▶ [Task to carry out]:
Exactly as they appear below, repeat the lines from the one with "A young child" through the one with "Two men, including". Drop every picture.

────────────────────────────────────────

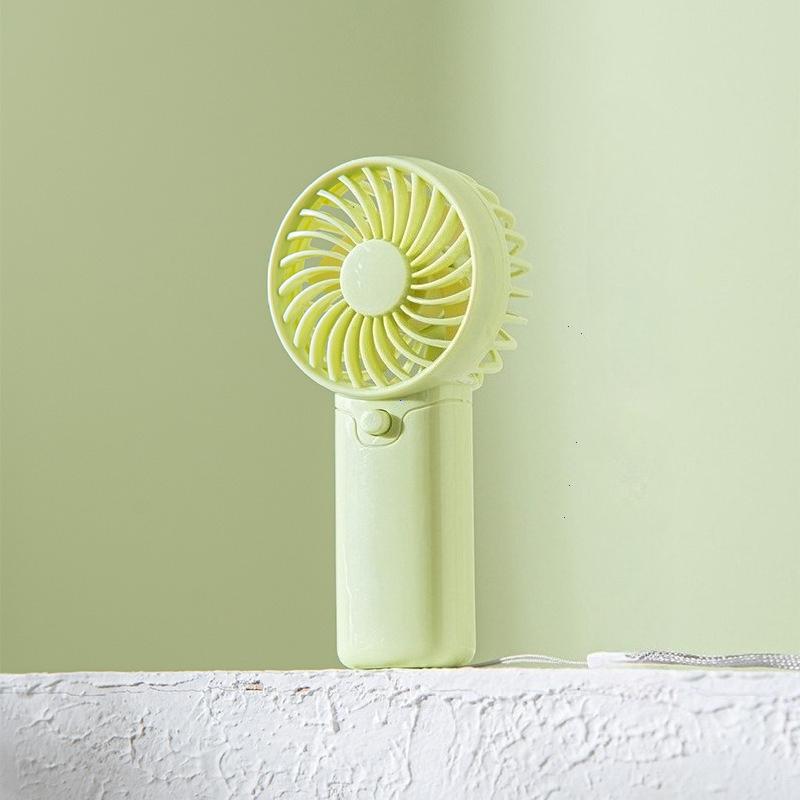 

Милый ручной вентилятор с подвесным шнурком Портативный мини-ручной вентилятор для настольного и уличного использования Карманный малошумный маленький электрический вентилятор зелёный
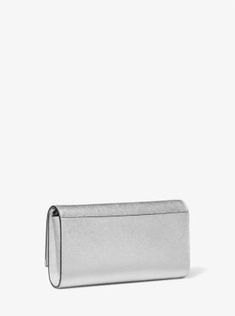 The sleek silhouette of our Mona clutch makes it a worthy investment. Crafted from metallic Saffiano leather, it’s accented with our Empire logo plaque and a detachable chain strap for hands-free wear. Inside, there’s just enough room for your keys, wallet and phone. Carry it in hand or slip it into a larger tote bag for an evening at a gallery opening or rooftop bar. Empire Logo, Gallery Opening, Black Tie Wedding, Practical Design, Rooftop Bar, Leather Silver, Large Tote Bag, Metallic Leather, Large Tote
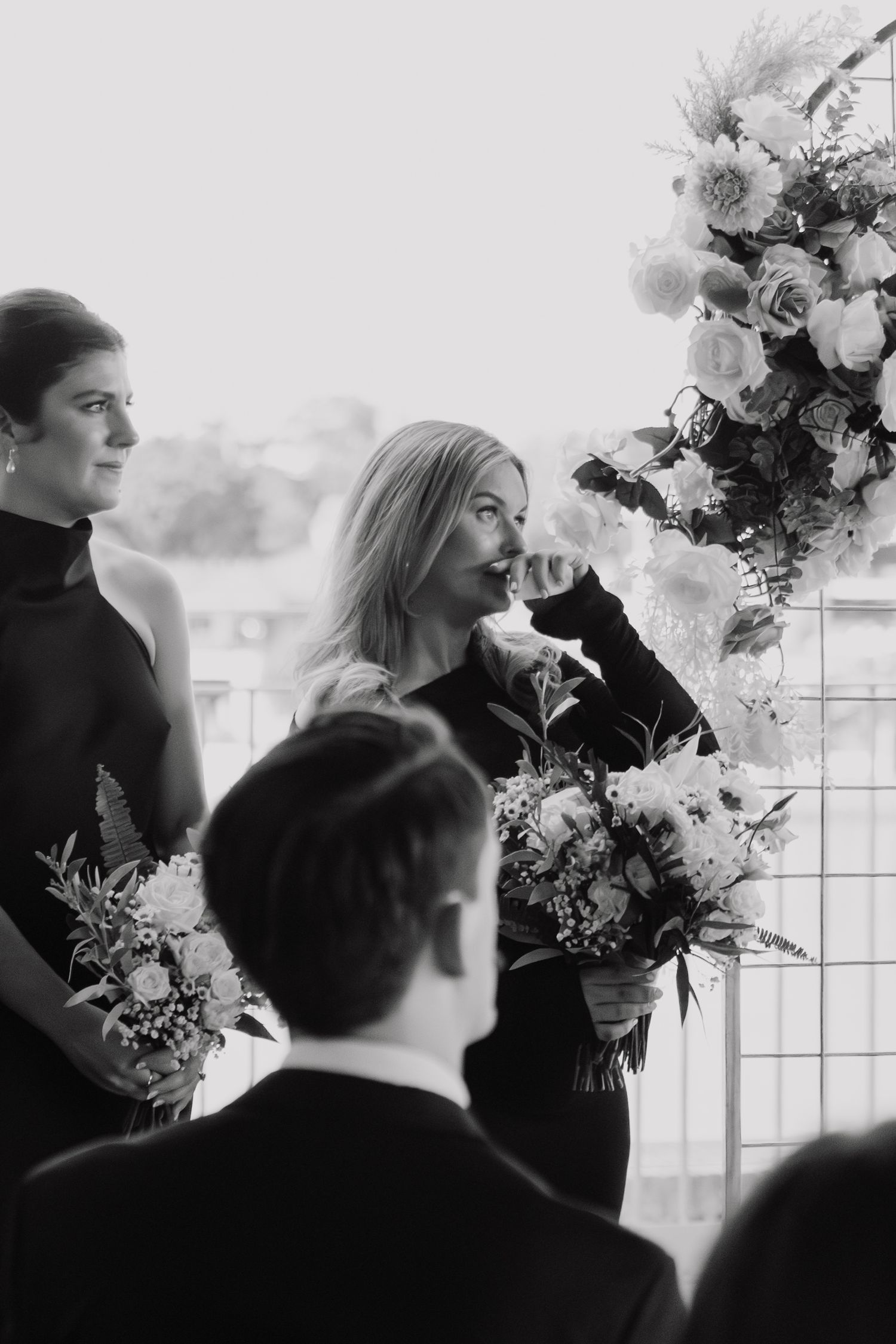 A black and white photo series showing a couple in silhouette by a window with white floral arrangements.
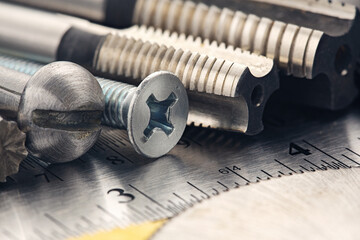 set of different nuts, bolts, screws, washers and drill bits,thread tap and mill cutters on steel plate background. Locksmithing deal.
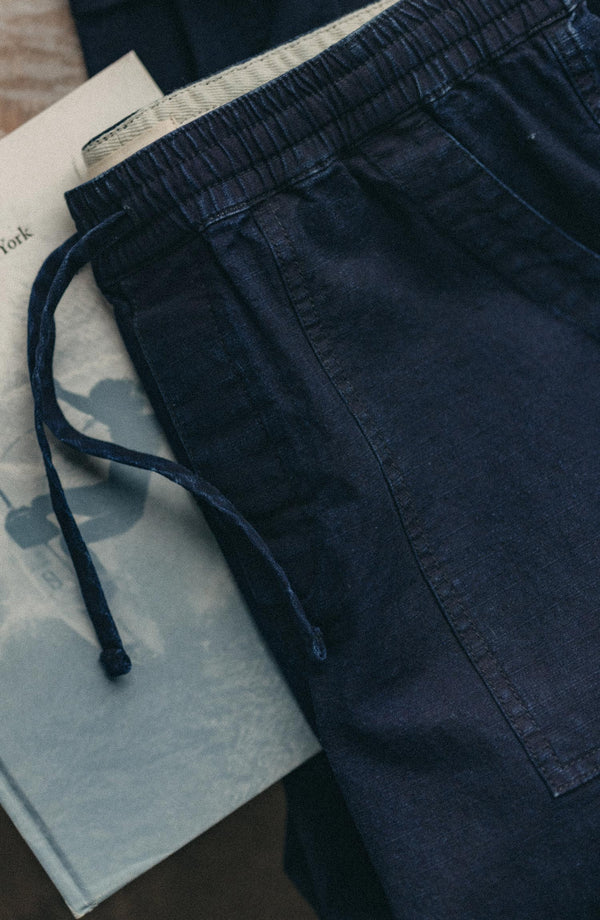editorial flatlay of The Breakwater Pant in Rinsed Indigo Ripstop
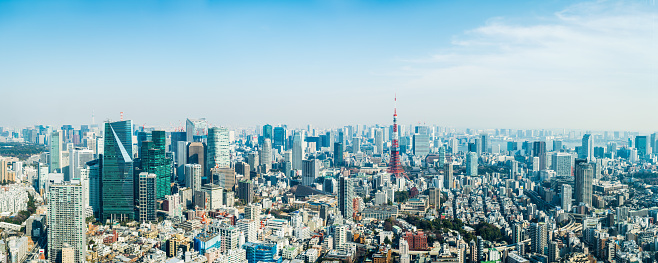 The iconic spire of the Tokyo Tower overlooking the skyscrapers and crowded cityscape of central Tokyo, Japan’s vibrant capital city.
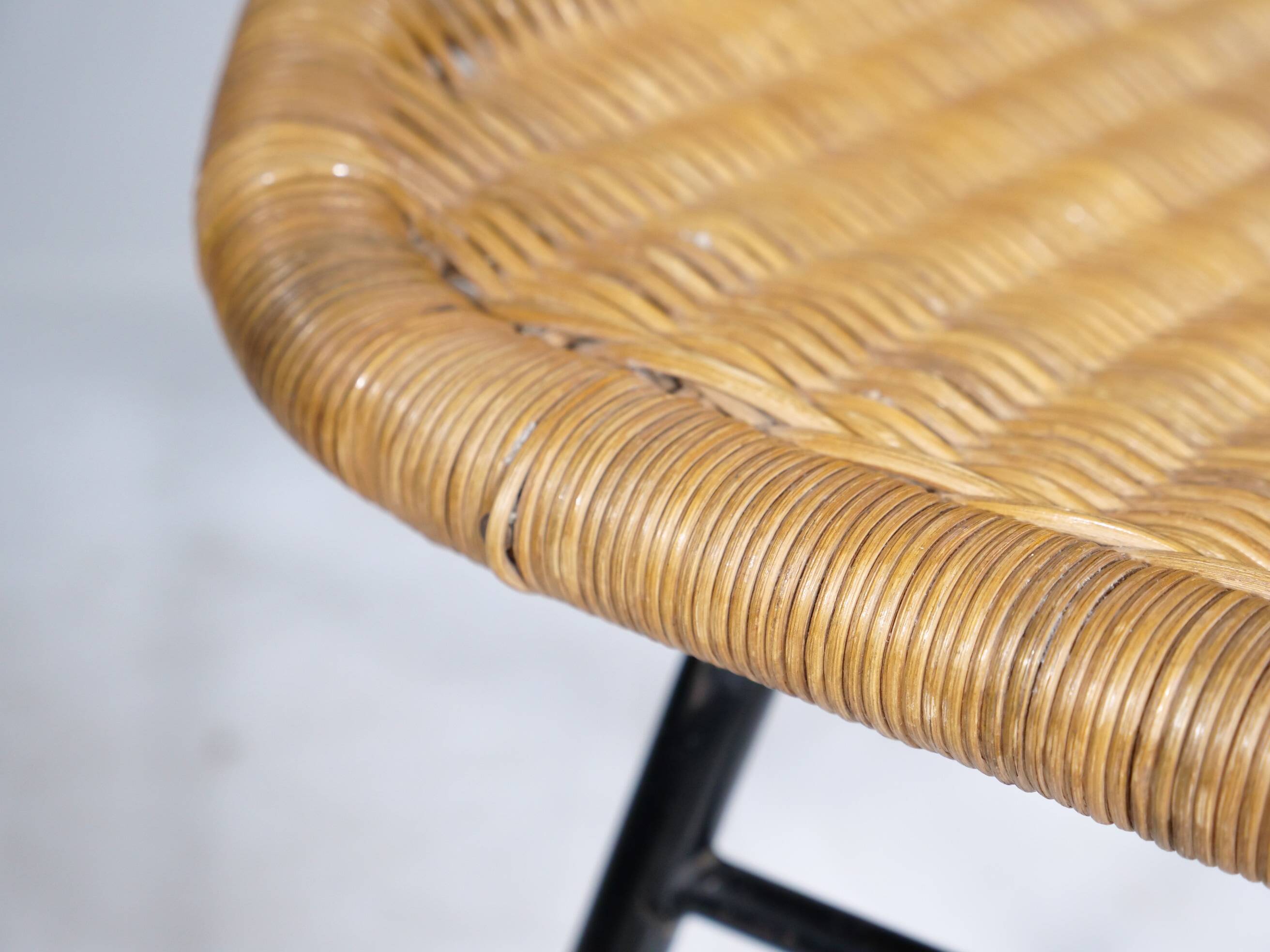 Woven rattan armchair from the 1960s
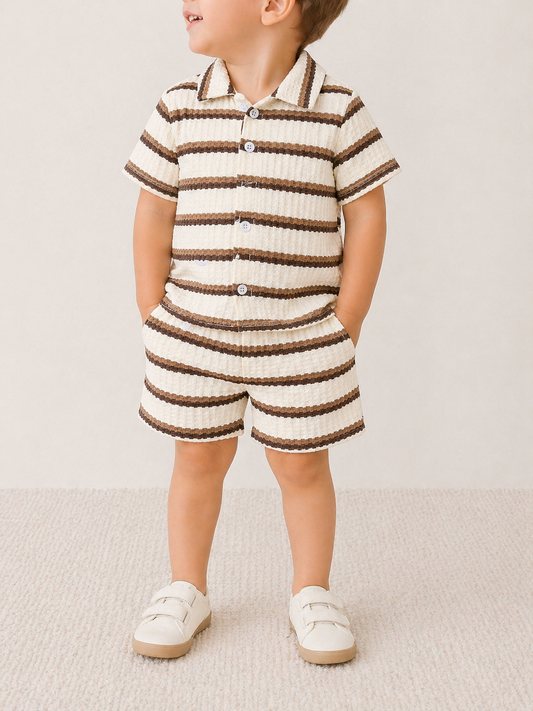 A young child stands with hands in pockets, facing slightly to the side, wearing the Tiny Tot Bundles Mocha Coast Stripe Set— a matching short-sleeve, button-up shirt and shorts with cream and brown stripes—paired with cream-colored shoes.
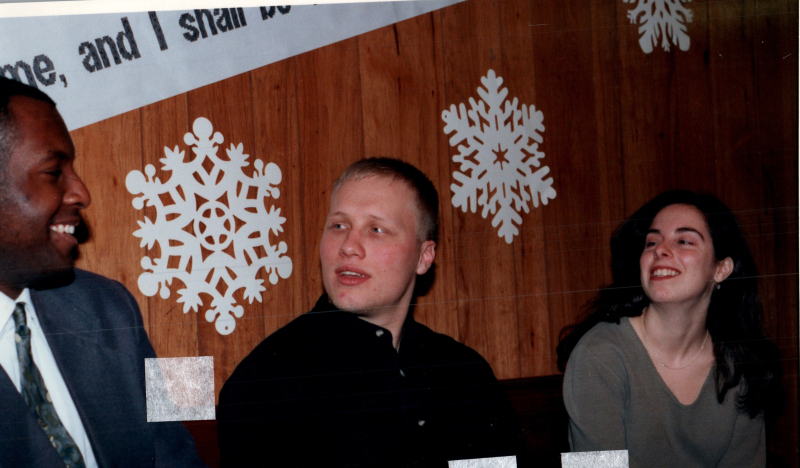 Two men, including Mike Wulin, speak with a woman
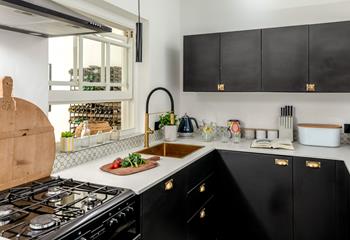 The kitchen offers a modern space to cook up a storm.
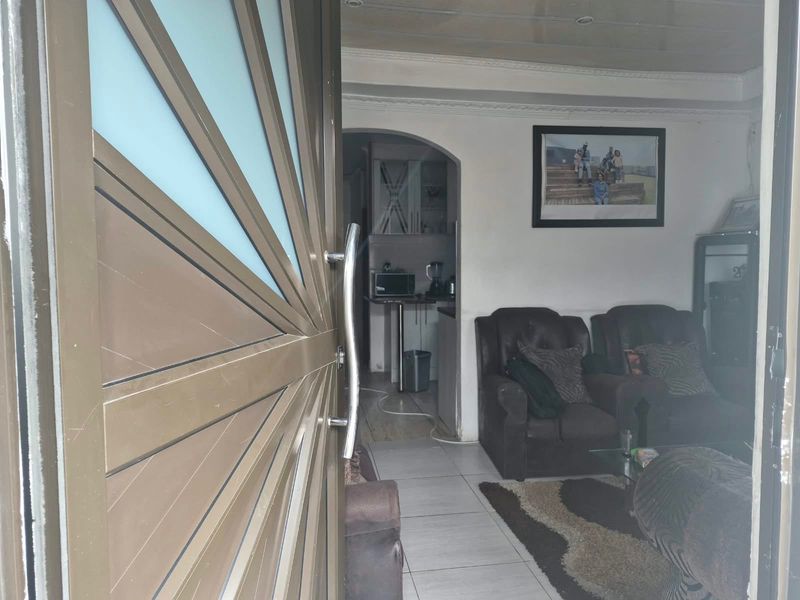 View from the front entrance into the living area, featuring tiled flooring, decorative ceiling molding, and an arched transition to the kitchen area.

────────────────────────────────────────

▶ [Reply to the task]:
 A young child stands with hands in pockets, facing slightly to the side, wearing the Tiny Tot Bundles Mocha Coast Stripe Set— a matching short-sleeve, button-up shirt and shorts with cream and brown stripes—paired with cream-colored shoes.
 Two men, including Mike Wulin, speak with a woman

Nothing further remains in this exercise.